For Immediate Release
January 16,2009
Contact:
Cherie A. Richardson, Morehouse School of Medicine, 404.752.1917 (o) 678.206.7658 (m);Amy Simmons, NACHC, 301/347-0476 (o) 202/309.0338 (m)

New Study Reveals Health Centers Reduce ER Visits in Rural Counties


A new study underscores the dramatic impact of Community Health Centers in cutting costly and unnecessary visits to hospital emergency rooms (ER) in rural areas. Researchers at the Morehouse School of Medicine in Atlanta, GA examined visits to the ER by uninsured people in rural Georgia and found that there is a 33% excess of uninsured emergency room visits in counties without a health center. The study, published in the Journal of Rural Health [“Presence of a Community Health Center and Uninsured Emergency Department Visit Rates in Rural Counties," January 2009], underscores the critical role health centers can play in reducing ER visits and keeping down health care costs by treating people –including the uninsured – in a primary care setting. The study notes that the costs of ER visits by uninsured people are often carried by other patients, payers, and their communities. In rural areas, where uninsured rates are often higher, the burden of uninsured ER visits has a direct impact on the financial viability of small rural hospitals.

“This study offers a clear and compelling picture of what national trends also show – that a large portion of costly ER visits could have been redirected to a health center, where the care is as good as or better than that provided anywhere else, and much more cost-effective,” said Dan Hawkins, Senior Vice President for Policy and Programs at the National Association of Community Health Centers (NACHC).

The lead author of the study was Dr. George Rust, Director of the National Center for Primary Care and professor at Morehouse School of Medicine. Said Dr. Rust, "Community health centers are uniquely effective in providing a comprehensive primary care medical home for the uninsured, assuring that patients in need get the right care in the right setting at the right time. This allows emergency departments to focus on care for patients with true emergencies, and decreases the load of unreimbursed care borne by financially-challenged rural hospitals."

The Georgia study concludes that “one strategy for reducing unnecessary [ER visits] is to promote access to care in settings that specifically serve the uninsured, who might otherwise have no medical home… Over the past four decades, health centers (CHCs) and other federally qualified health centers (FQHCs?) have provided a very important source of primary health care for low-income and medically underserved urban and rural residents.”

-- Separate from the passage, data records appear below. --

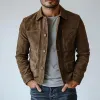 Men's Vintage Suede Buttons Multi-Pocket Lapel Jacket 84627631Y sold by Manly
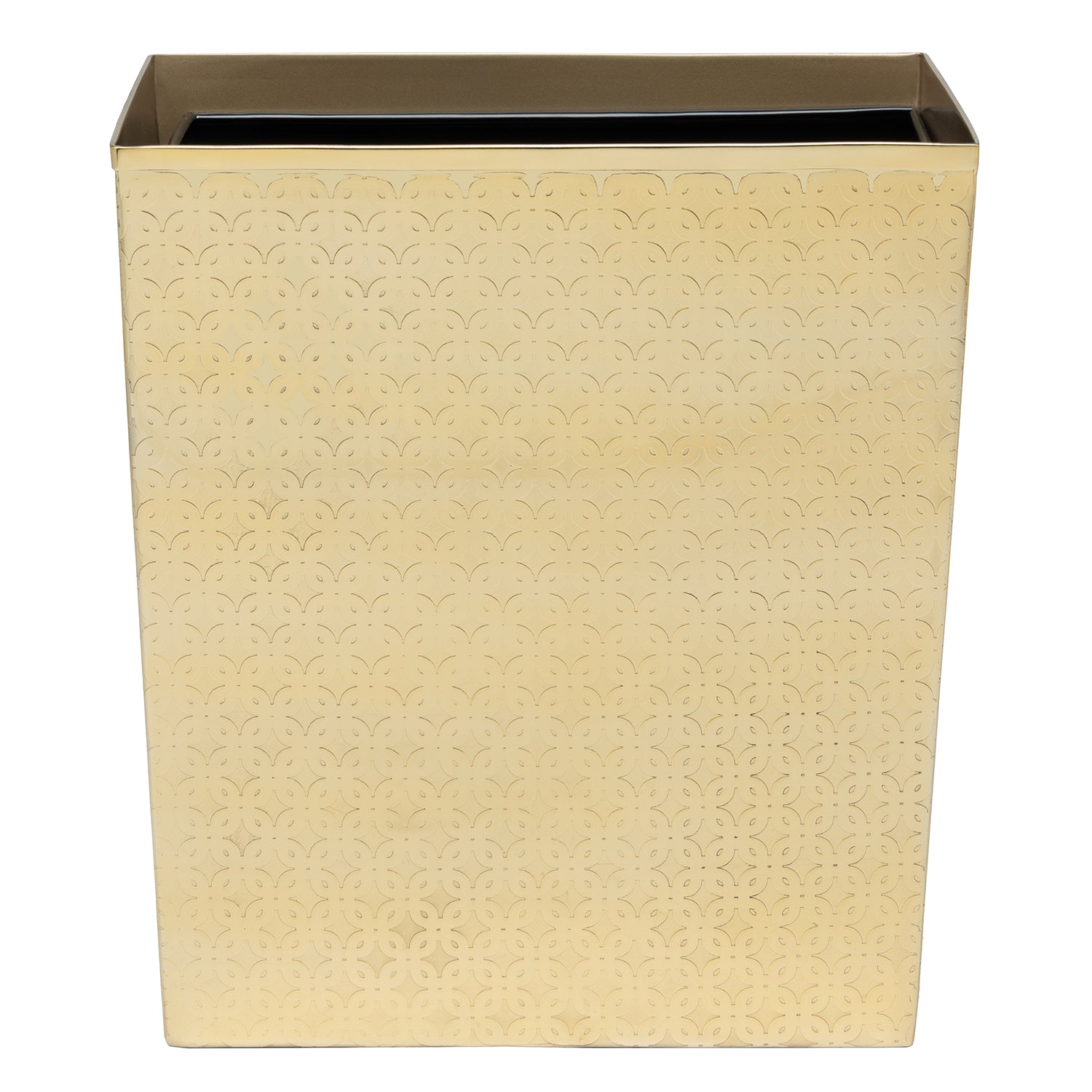 Concord Shiny Gold Lattice Stainless Steel Rectangle Wastebasket - Thumbnail 2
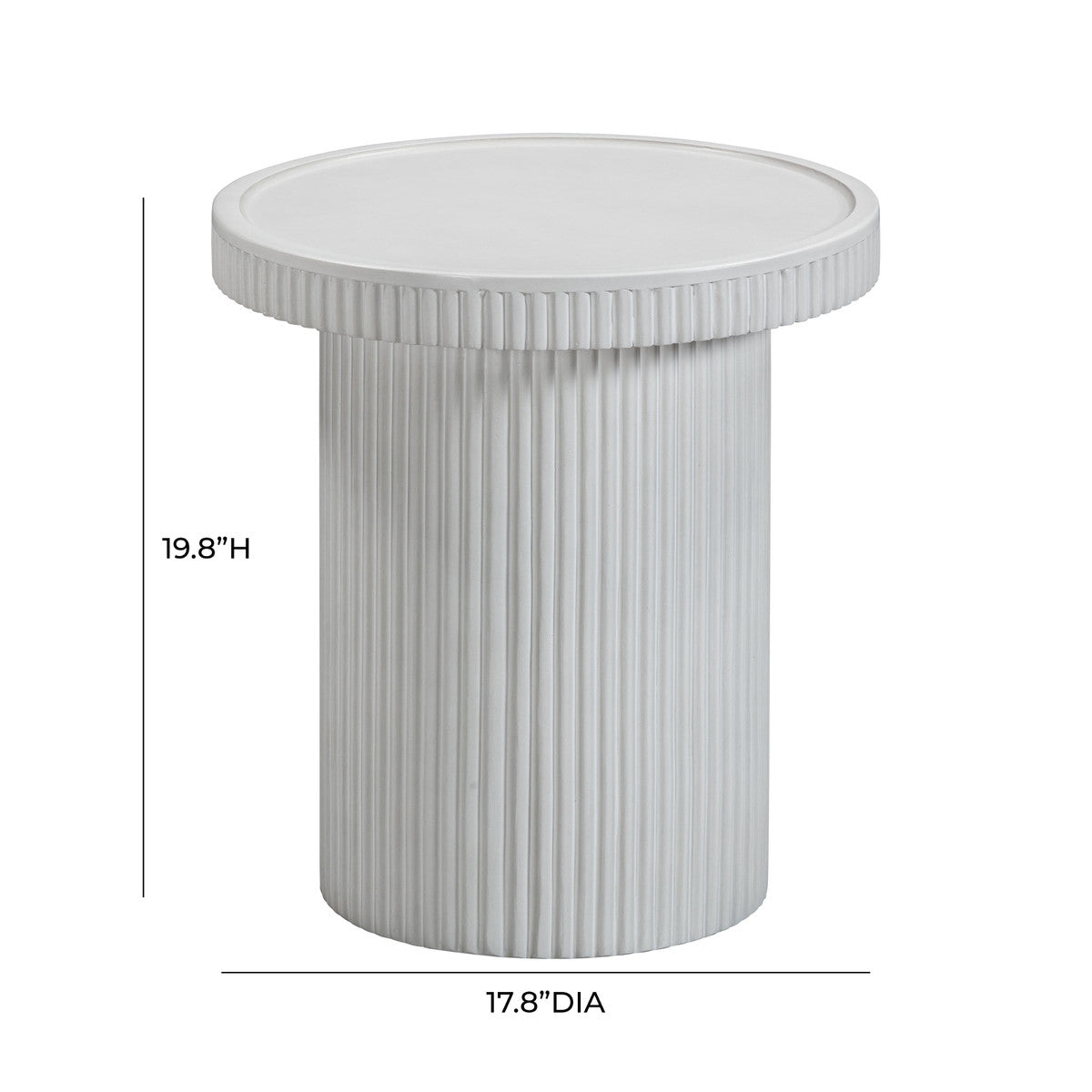 Table d'appoint d'intérieur/extérieur en béton blanc Darcy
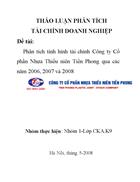 Phân tích tình hình tài chính Công ty Cổ phần Nhựa Thiếu niên Tiền Phong qua các năm 2006 2007 và 2008 1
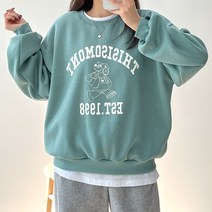 걸즈팩토리 여성용 러몬 기모 캐주얼 맨투맨티셔츠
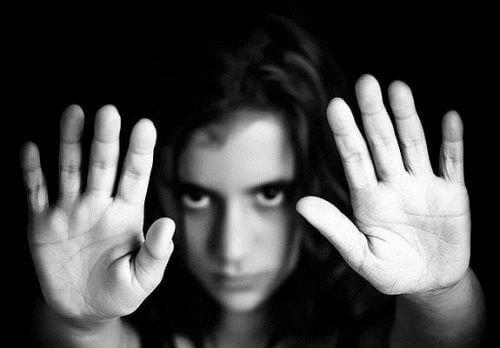 An abused woman.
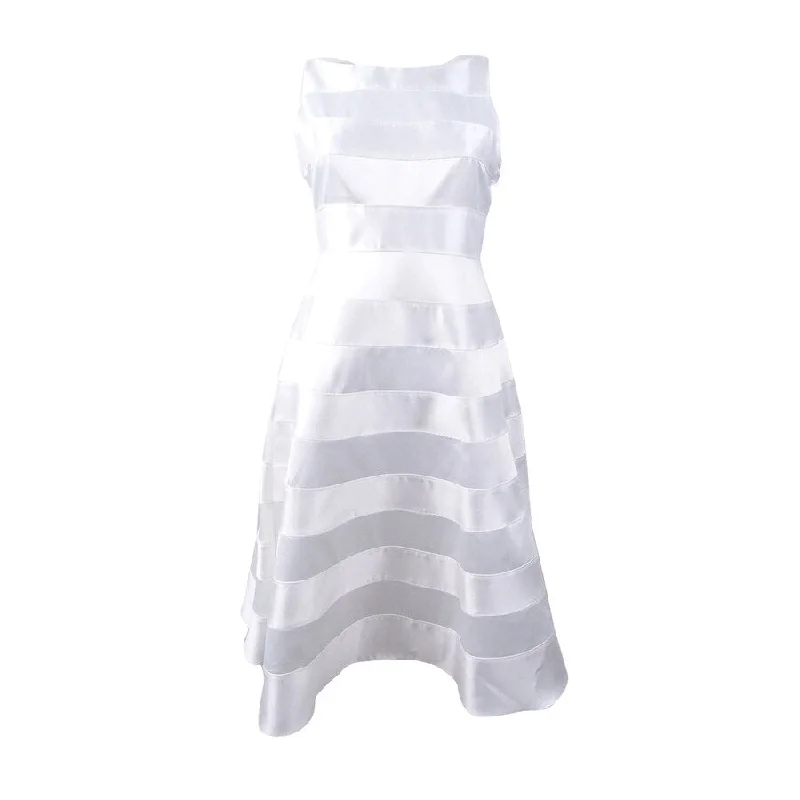 Adrianna Papell Women's Striped A-line Dress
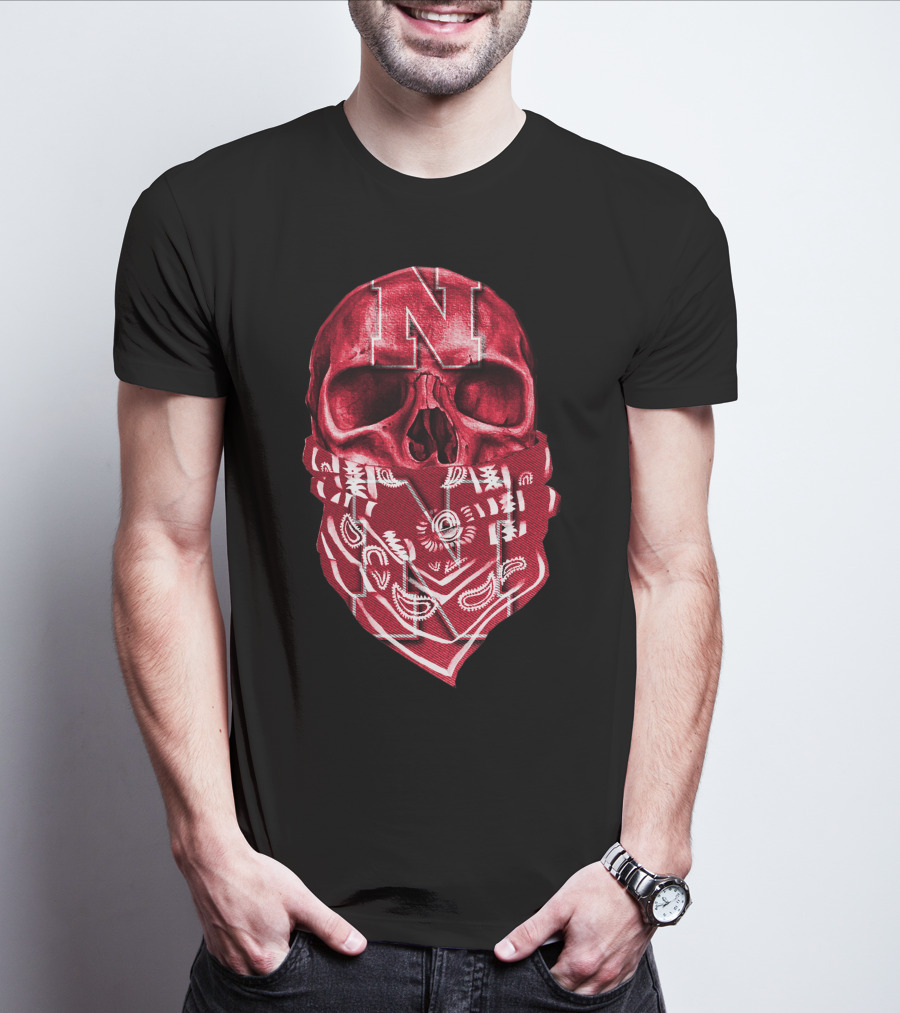 Nebraska Cornhuskers Skull With Red Bandana And N T-Shirt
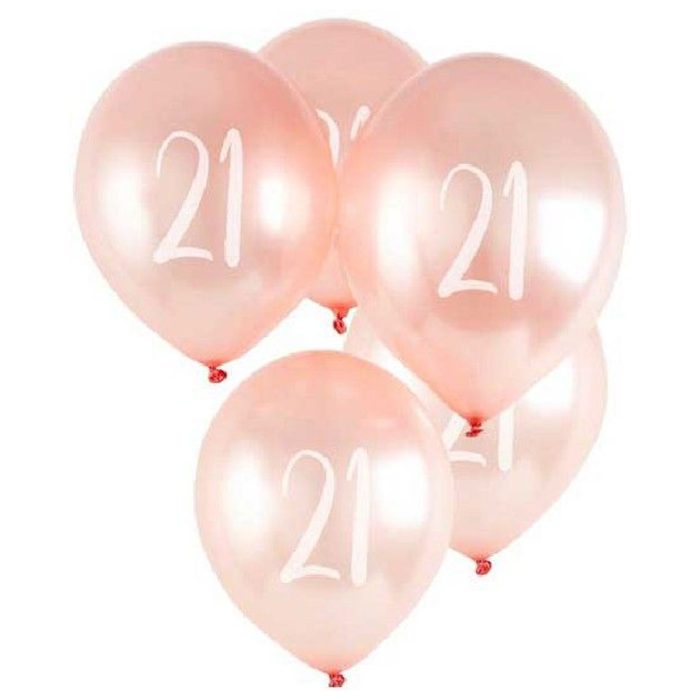 21 Chrome Rose Gold Latex Balloons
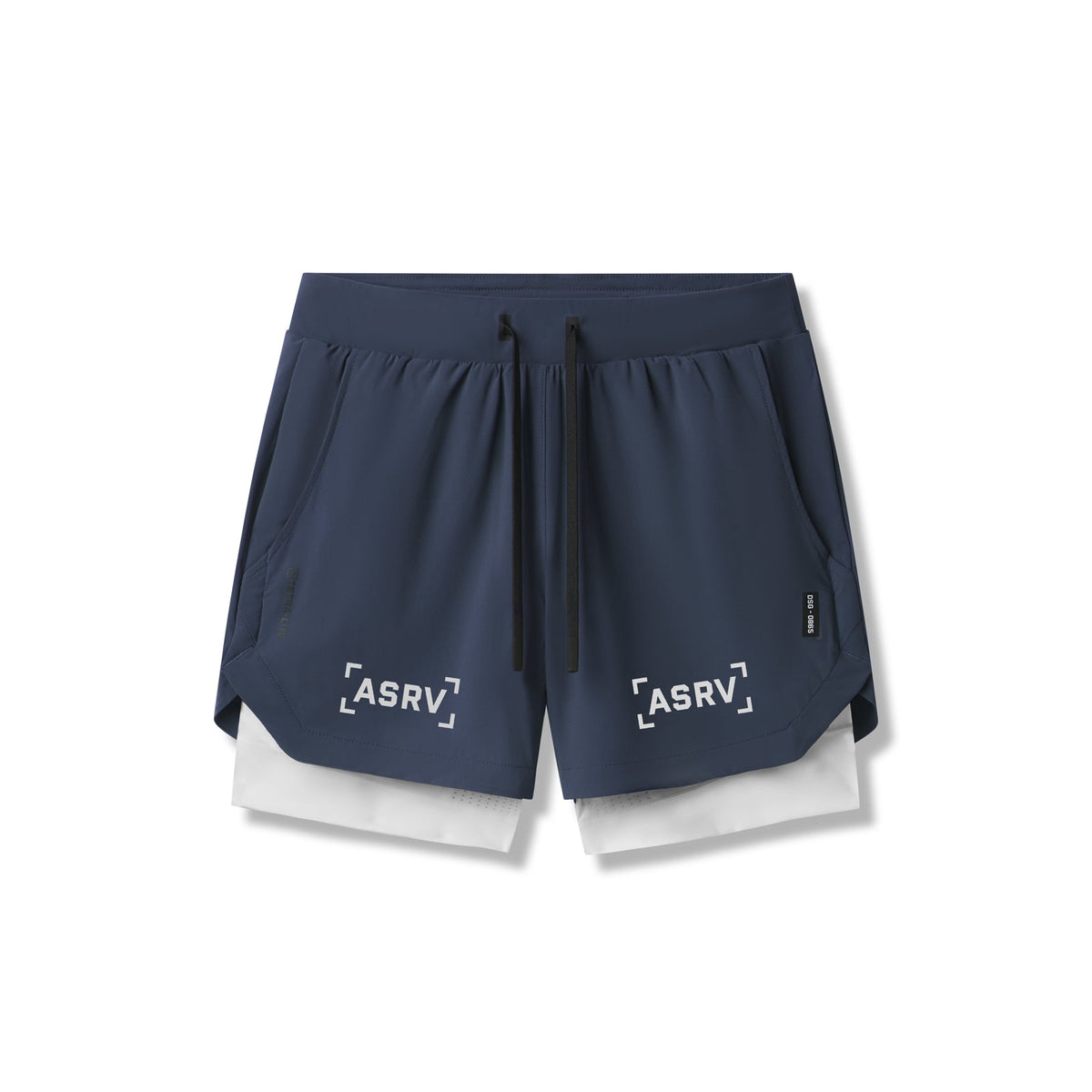 0865. Tetra-Lite® 5" Liner Short - Navy "Bracket"/White | ASRV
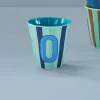 Rice: Medium melamine beker - Alfabet - O Blauw Streep MELCU-ALPSTROB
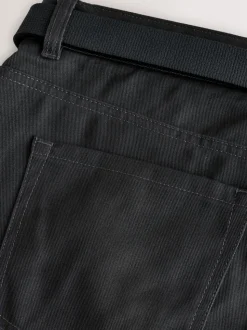 Charcoal Grey Muscle Fit Smart Brushed Cotton TENCEL™ Lyocell Blend Chinos With Belt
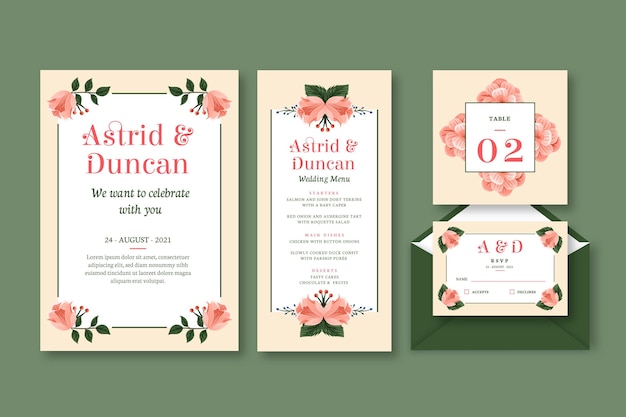 Colección de papelería floral para bodas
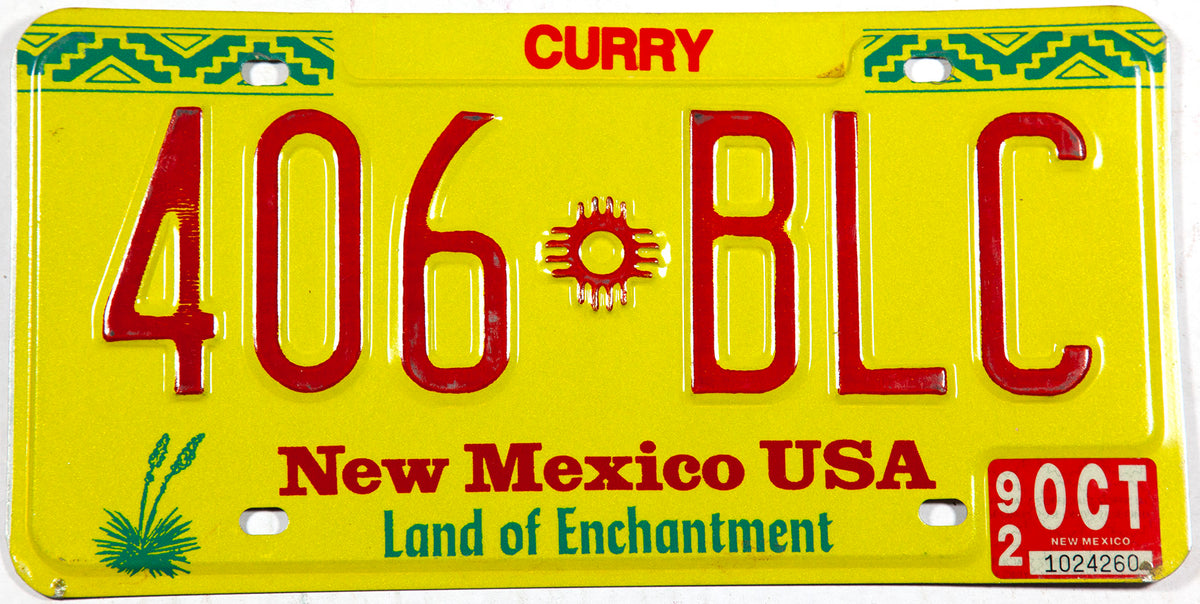 1992 New Mexico License Plate Brandywine General Store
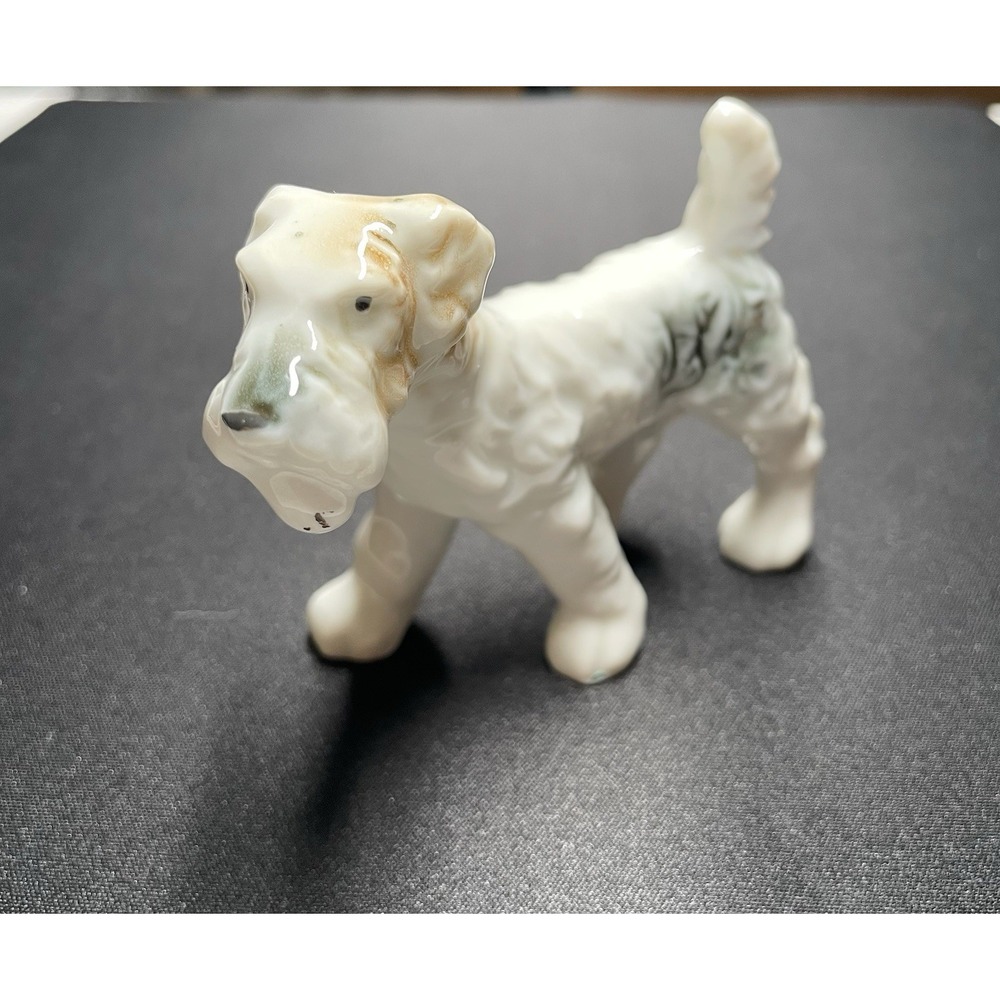 Vintage 1950s Wirehair Fox Terrier Porcelain Dog Figurine. Marked Made in Japan.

The study singled out the accomplishments of health centers in managing and reducing chronic conditions, such as diabetes, hypertension and asthma. A case in point is a health center patient Mark Southern, an uninsured patient at Georgia Mountain Health Services, a health center in Morganton, GA., who suffers from diabetes.

"I tend to go about every three months to get blood work done at Georgia Mountain Health Services,” said Southern. If something occurs, I go back. No other place is close… I can’t afford to go anywhere else.”

ER visits by uninsured patients pose a significant problem in Georgia. According to the study, of the roughly two million visits by non-elderly adult patients during a three-year period, roughly one-third were uninsured patients, although only 18% of Georgia’s non-elderly adults are uninsured.
The findings of the Georgia study are consistent with the findings of national data that show a link between lower ER use and access to primary care. A 2007 analysis by NACHC revealed that $18 billion a year is wasted on unnecessary visits to ERs that could have been redirected to a health center.